The decision to publish an official catechism was taken at the Second Extraordinary General Assembly of the Synod of Bishops that was convened by Pope John Paul II on 25 January 1985, to evaluate the progress of implementing the Vatican II council's goals on the 20th anniversary of its closure. The assembly participants expressed the desire that "a catechism or compendium of all Catholic doctrine regarding both faith and morals be composed, that it might be, as it were, a point of reference for the catechisms or compendiums that are prepared in various regions.
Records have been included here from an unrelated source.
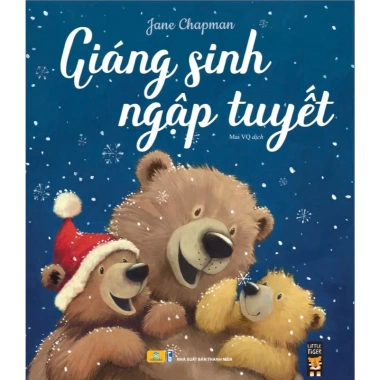 Sách Giáng Sinh Ngập Tuyết - Truyện Cổ Tích Mùa Đông, Giá Ưu Đãi 48k từ ndbooks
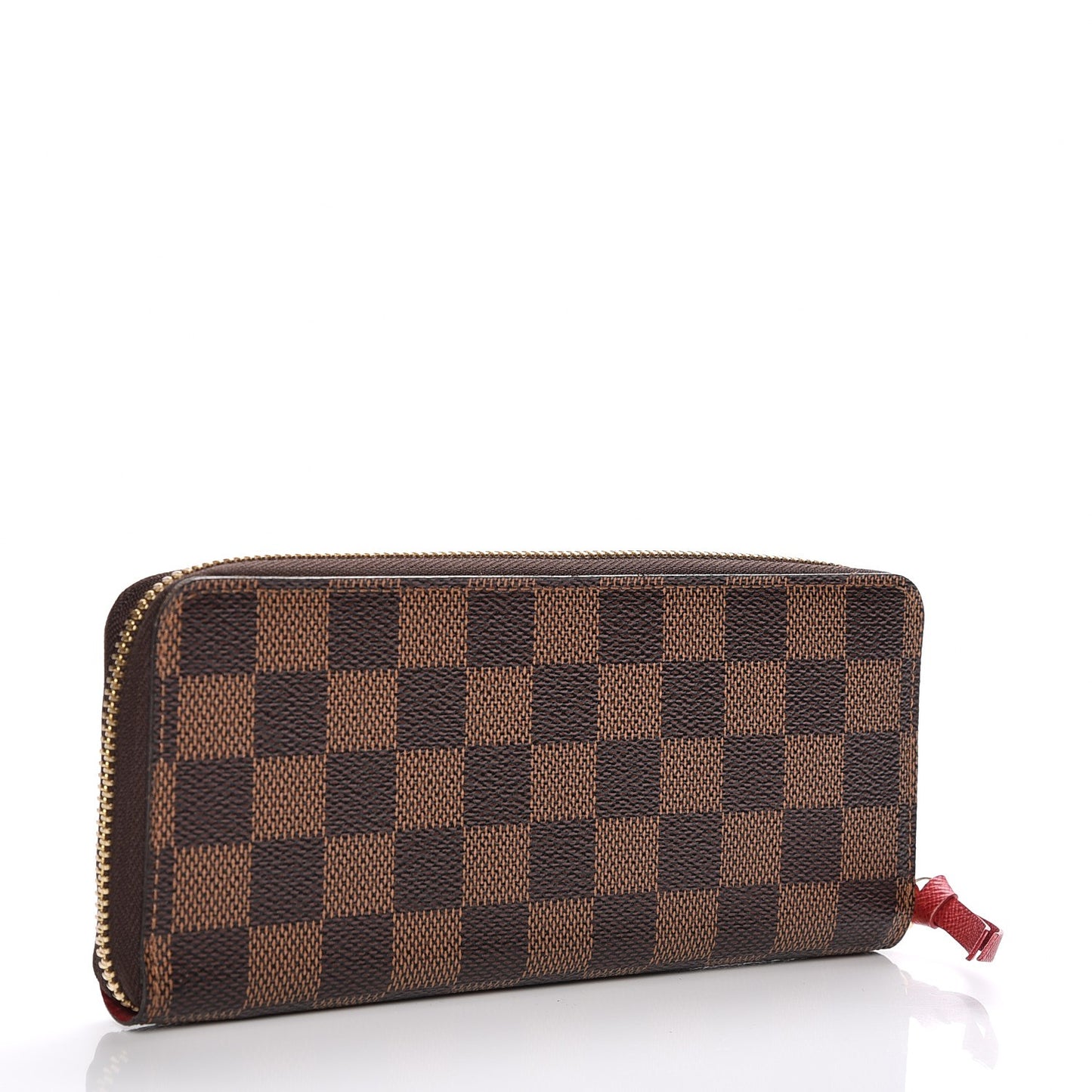 Damier Ebene Clemence Wallet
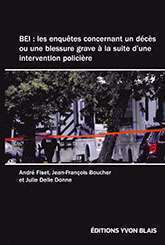 Image BEI : les enquêtes concernant un décès ou une blessure grave à la suite d'une intervention policière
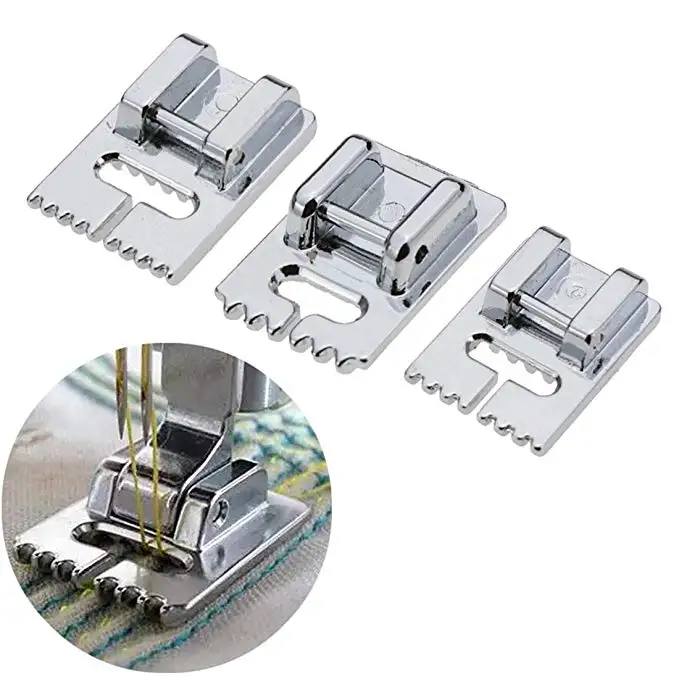 Детали бытовой швейной машины Pintuck Foot 5 канавки прижимная лапка 701 5|machine toner|machine tool
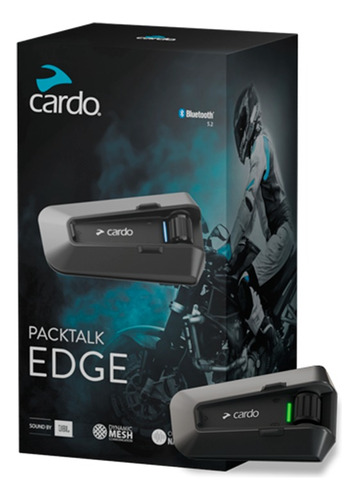 Intercomunicador Cardo Packtalk Edge Single Dlm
The presentation of doctrine must be biblical and liturgical. It must be sound doctrine suited to the present life of Christians."
John Paul II says that in 1986 he formed a commission composed of 12 cardinals and bishops chaired by cardinal Joseph Ratzinger (who later became Pope Benedict XVI) to prepare the first draft of the Catechism.The commission was assisted by a committee consisting of seven diocesan bishops, experts in theology and catechesis.
Reminiscing those days, Ratzinger said in 2011: "I must confess that even today it seems a miracle to me that this project [the Catechism of the Catholic Church] was ultimately successful."
Cardinal Georges Cottier claims he worked on the Catechism.
The Catechism of the Catholic Church, which I approved 25 June last and the publication of which I today order by virtue of my Apostolic Authority, is a statement of the Church's faith and of Catholic doctrine, attested to or illumined by Sacred Scripture, Apostolic Tradition and the Church's Magisterium. I declare it to be a valid and legitimate instrument for ecclesial communion and a sure norm for teaching the faith.— John Paul II, Fidei depositum, part IV
The Catechism was promulgated by John Paul II on 11 October 1992, the 30th anniversary of the opening of the Second Vatican Council, with his apostolic constitution Fidei depositum (in English, The Deposit of Faith).
On 15 August 1997—the Solemnity of the Assumption of the Blessed Virgin Mary—John Paul II promulgated the Latin typical edition, with his apostolic letter, Laetamur magnopere.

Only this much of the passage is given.